El evangelio de este tercer domingo de cuaresma ( Jn 4, 5-42), entre otros temas, habla del encuentro entre Jesús y la samaritana. Se trata de un relato lleno de revelaciones, de descubrimientos, de enseñanzas e interpelaciones que se van haciendo poco a poco entre los protagonistas de esta historia.
El texto evangélico que leeremos contiene tres grandes apartados. En primer lugar aparece el diálogo entre Jesús y la samaritana (4, 5-26), en segundo lugar se muestra el diálogo entre Jesús y sus discípulos (4, 27-38), y en tercer lugar aparecen las conclusiones de los samaritanos (4, 39-42).
En el diálogo entre Jesús y la samaritana por su parte, se desarrollan tres temas importantes: El primero es el agua viva (4, 5-15). El segundo tema es la adoración verdadera (4, 16-24), y por último se habla del mesianismo (4, 25-26). El agua viva hace referencia al Espíritu Santo que es la fuente de la vida interior. Dios es espíritu y por lo tanto es quien mueve a la persona. El Espíritu de Dios es quien capacita a los creyentes para caminar en la verdad. Al ser Espíritu, Dios no puede estar encerrado en ningún lugar; con la llegada de Jesús se ha revelado además que cada persona se ha convertido en un espacio sagrado, Dios está presente también ahí. Cada persona, con su vida está llamada a darle culto a Dios, a reconocerlo como Padre y a vivir como su hijo.
El texto evangélico revela muchas otras cosas. Una primer aspecto que conviene destacar es la pedagogía divina con la que Dios actúa ordinariamente y que viene expresada en esta historia de la samaritana: Jesús se acerca al que se siente alejado; dialoga con él y le revela verdades trascendentes paso a paso: él dará el agua viva que procura la vida eterna en razón de que él es el Mesías, el Salvador. Esto también nos recuerda un principio salvífico fundamental: Dios no distingue a nadie. Los prejuicios no son lo suyo. Dios quiere que todos se salven, Dios no le cierra la puerta a nadie.
Otro asunto importante es el proceso de fe que vive la samaritana en esta narración. Así, de un encuentro casual con Jesús en un pozo, van despertándose muchas inquietudes hasta llegar a un encuentro personal. El diálogo hecho sobre un asunto cotidiano, el agua, se termina con la profesión de fe no sólo de aquella mujer de Samaria sino de toda una comunidad, los samaritanos. De ahí que el relato bíblico se cierre con esta declaración solemne: “Ya no creemos por lo que tú nos has contado, pues nosotros mismos lo hemos oído y sabemos que él es de veras, el Salvador del mundo”.

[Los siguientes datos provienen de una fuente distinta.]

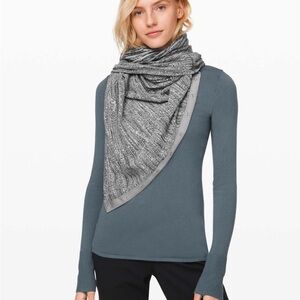 Lululemon Vinyasa Scarf Rulu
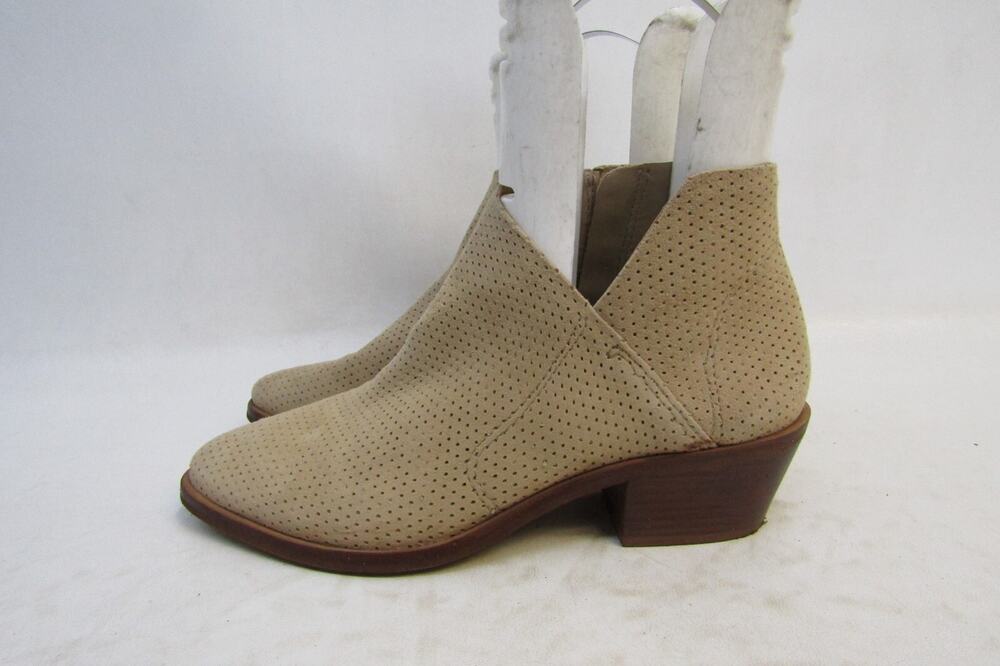 Vince Camuto Womens Size 8.5 M Brown Suede Perforated Ankle Fashion Boots Bootie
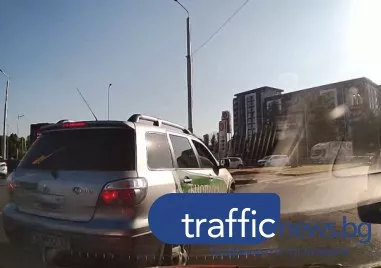 Шофьор камикадзе обърка пътното движение с рулетка, замалко да предизвика меле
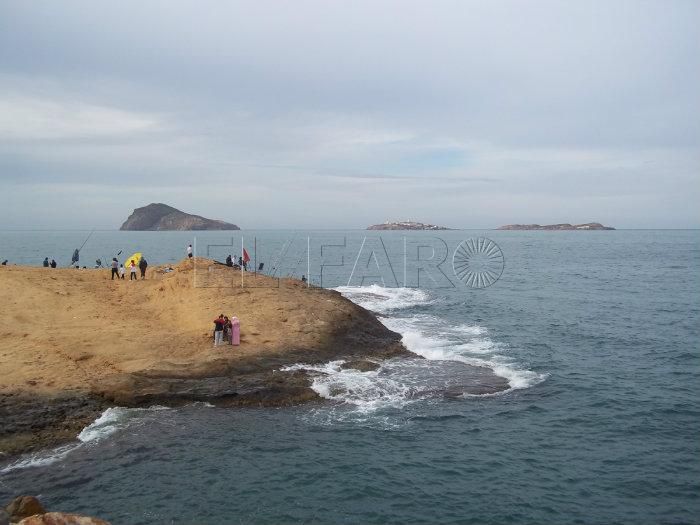 España protesta ante Marruecos por instalar una piscifactoría en aguas de las Chafarinas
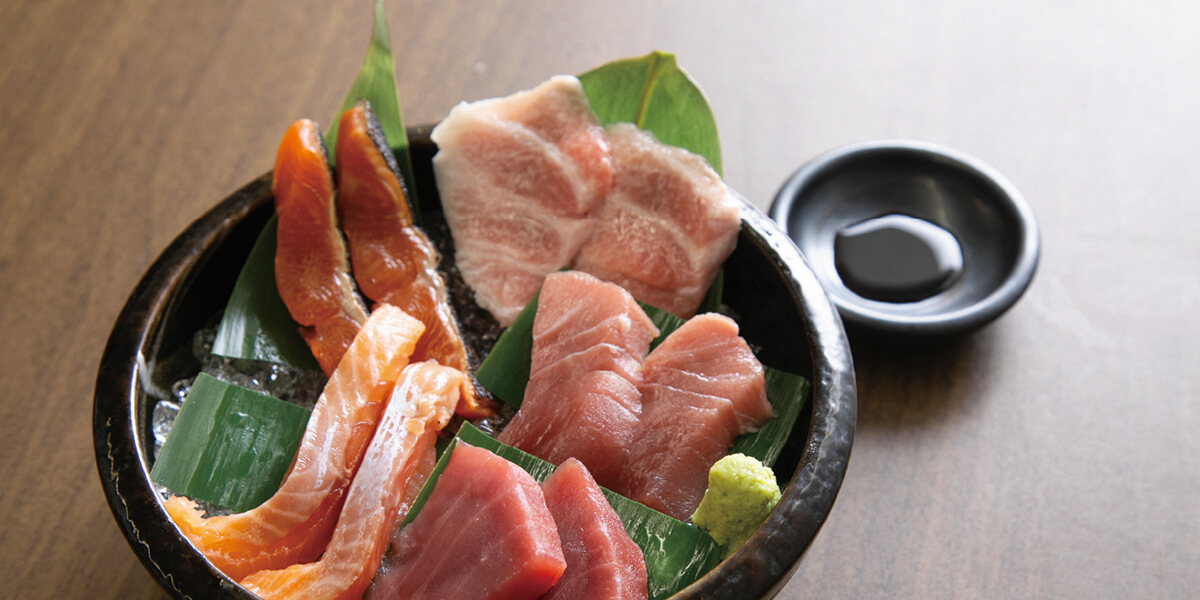 ふらっと立ち寄って、本格的な鮮魚を。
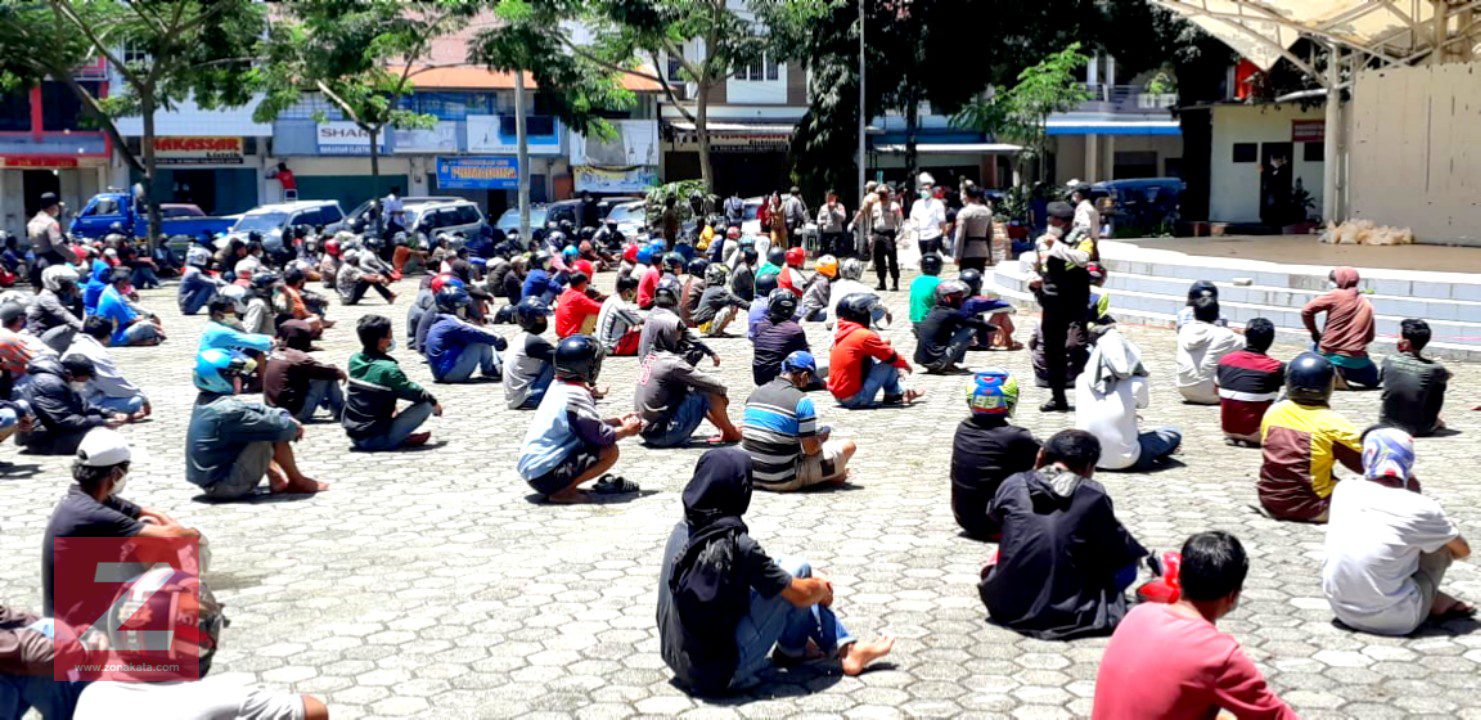 Satgas Covid-19 Tana Toraja Bagikan Sembako Bagi Sopir Angkot dan Ojek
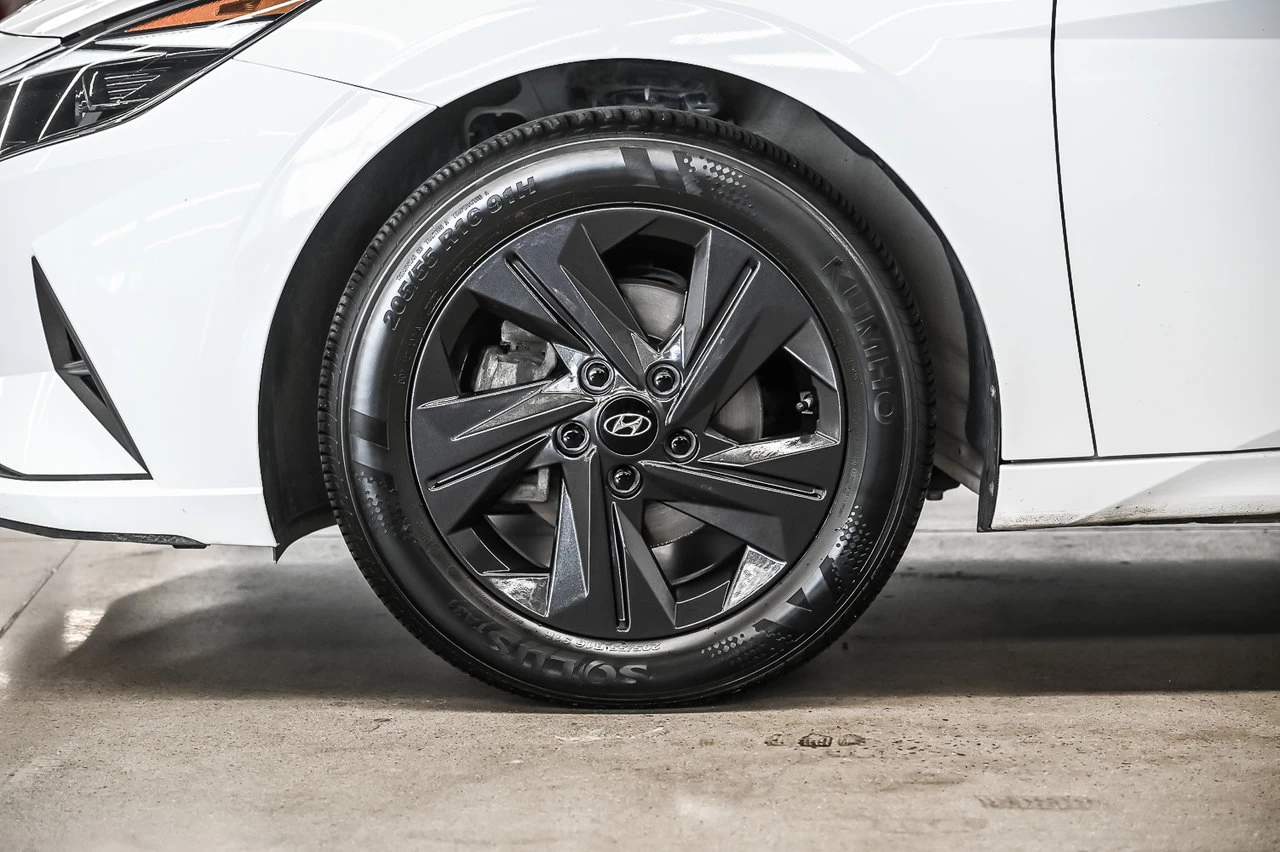 2022 Hyundai Elantra Preferred Image principale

Por último, el texto del evangelio que escucharemos este domingo tiene también una función kerygmática e interpelante. A través de esta narración se nos cuestiona cómo es nuestra relación con Dios y que tan profunda es nuestra fe. ¿Nuestra relación con Dios es conceptual o existencial? Para la samaritana Jesús aparece en un principio simplemente como un judío cualquiera, luego pasa a ser Señor y profeta, hasta ser reconocido como Mesías y Salvador. La samaritana no sólo acepta la fe, se convierte en su promotora. Esta narración nos escenifica la historia de un discípulo misionero. Es decir alguien que habiéndose encontrado con Jesús, lo reconoce como su salvador y lo anuncia a los demás.